┌────────

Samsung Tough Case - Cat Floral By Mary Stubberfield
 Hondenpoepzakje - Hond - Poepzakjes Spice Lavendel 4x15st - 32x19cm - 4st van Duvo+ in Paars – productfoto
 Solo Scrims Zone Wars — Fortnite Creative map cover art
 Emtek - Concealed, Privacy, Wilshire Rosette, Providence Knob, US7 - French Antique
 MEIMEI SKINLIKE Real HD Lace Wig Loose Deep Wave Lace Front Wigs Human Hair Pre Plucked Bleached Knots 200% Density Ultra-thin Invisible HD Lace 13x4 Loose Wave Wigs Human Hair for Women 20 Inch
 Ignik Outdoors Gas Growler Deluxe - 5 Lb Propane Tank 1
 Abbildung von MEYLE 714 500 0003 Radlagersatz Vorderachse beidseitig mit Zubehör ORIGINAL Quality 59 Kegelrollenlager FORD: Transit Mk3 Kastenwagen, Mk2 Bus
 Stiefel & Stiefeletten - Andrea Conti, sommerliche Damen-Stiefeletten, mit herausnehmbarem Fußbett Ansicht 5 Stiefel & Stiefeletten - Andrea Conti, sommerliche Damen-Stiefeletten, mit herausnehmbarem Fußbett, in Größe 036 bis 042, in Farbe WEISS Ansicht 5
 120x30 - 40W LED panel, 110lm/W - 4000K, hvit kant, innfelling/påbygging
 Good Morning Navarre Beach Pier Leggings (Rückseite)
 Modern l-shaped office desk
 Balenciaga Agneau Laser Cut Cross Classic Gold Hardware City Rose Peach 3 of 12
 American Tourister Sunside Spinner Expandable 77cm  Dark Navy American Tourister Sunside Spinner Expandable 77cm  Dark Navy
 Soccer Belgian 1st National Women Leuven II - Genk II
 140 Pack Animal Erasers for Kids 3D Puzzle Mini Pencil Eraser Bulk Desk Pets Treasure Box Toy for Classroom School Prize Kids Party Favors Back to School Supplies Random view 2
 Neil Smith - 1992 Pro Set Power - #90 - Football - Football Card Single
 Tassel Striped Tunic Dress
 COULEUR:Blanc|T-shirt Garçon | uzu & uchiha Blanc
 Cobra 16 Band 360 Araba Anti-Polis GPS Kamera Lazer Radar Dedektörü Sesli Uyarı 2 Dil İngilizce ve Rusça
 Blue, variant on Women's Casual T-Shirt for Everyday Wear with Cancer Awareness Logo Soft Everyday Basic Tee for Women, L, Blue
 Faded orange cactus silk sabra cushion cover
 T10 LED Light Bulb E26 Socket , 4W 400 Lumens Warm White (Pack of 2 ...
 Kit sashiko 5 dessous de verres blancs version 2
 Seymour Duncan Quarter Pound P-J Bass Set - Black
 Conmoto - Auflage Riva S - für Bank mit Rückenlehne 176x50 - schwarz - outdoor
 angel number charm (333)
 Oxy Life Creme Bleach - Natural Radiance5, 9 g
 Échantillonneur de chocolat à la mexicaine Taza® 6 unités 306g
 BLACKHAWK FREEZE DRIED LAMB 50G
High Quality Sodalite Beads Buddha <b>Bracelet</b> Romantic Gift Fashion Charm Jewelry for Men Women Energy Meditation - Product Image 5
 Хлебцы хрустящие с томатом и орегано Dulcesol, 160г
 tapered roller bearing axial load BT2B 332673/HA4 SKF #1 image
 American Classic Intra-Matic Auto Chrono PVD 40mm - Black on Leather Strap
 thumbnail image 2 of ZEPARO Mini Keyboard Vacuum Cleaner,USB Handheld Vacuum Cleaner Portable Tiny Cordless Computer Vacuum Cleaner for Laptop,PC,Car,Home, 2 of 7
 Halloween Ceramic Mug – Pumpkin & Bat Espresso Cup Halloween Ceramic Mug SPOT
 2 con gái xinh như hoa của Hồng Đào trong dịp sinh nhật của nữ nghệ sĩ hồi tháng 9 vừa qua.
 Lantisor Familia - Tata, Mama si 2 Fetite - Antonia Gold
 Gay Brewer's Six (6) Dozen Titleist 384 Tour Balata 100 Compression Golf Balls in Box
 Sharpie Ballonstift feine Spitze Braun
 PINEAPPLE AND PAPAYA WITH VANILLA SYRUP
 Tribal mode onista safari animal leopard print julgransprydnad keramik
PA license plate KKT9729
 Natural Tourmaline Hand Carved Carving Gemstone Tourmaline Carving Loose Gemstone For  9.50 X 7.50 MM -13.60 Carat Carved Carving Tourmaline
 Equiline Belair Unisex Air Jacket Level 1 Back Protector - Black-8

└────────

## THE PROBLEM:
Each line from the one containing "Seymour Duncan Quarter" through the final line of the records must be repeated exactly, with no line added or dropped.

## TASK RESPONSE:
 Seymour Duncan Quarter Pound P-J Bass Set - Black
 Conmoto - Auflage Riva S - für Bank mit Rückenlehne 176x50 - schwarz - outdoor
 angel number charm (333)
 Oxy Life Creme Bleach - Natural Radiance5, 9 g
 Échantillonneur de chocolat à la mexicaine Taza® 6 unités 306g
 BLACKHAWK FREEZE DRIED LAMB 50G
High Quality Sodalite Beads Buddha <b>Bracelet</b> Romantic Gift Fashion Charm Jewelry for Men Women Energy Meditation - Product Image 5
 Хлебцы хрустящие с томатом и орегано Dulcesol, 160г
 tapered roller bearing axial load BT2B 332673/HA4 SKF #1 image
 American Classic Intra-Matic Auto Chrono PVD 40mm - Black on Leather Strap
 thumbnail image 2 of ZEPARO Mini Keyboard Vacuum Cleaner,USB Handheld Vacuum Cleaner Portable Tiny Cordless Computer Vacuum Cleaner for Laptop,PC,Car,Home, 2 of 7
 Halloween Ceramic Mug – Pumpkin & Bat Espresso Cup Halloween Ceramic Mug SPOT
 2 con gái xinh như hoa của Hồng Đào trong dịp sinh nhật của nữ nghệ sĩ hồi tháng 9 vừa qua.
 Lantisor Familia - Tata, Mama si 2 Fetite - Antonia Gold
 Gay Brewer's Six (6) Dozen Titleist 384 Tour Balata 100 Compression Golf Balls in Box
 Sharpie Ballonstift feine Spitze Braun
 PINEAPPLE AND PAPAYA WITH VANILLA SYRUP
 Tribal mode onista safari animal leopard print julgransprydnad keramik
PA license plate KKT9729
 Natural Tourmaline Hand Carved Carving Gemstone Tourmaline Carving Loose Gemstone For  9.50 X 7.50 MM -13.60 Carat Carved Carving Tourmaline
 Equiline Belair Unisex Air Jacket Level 1 Back Protector - Black-8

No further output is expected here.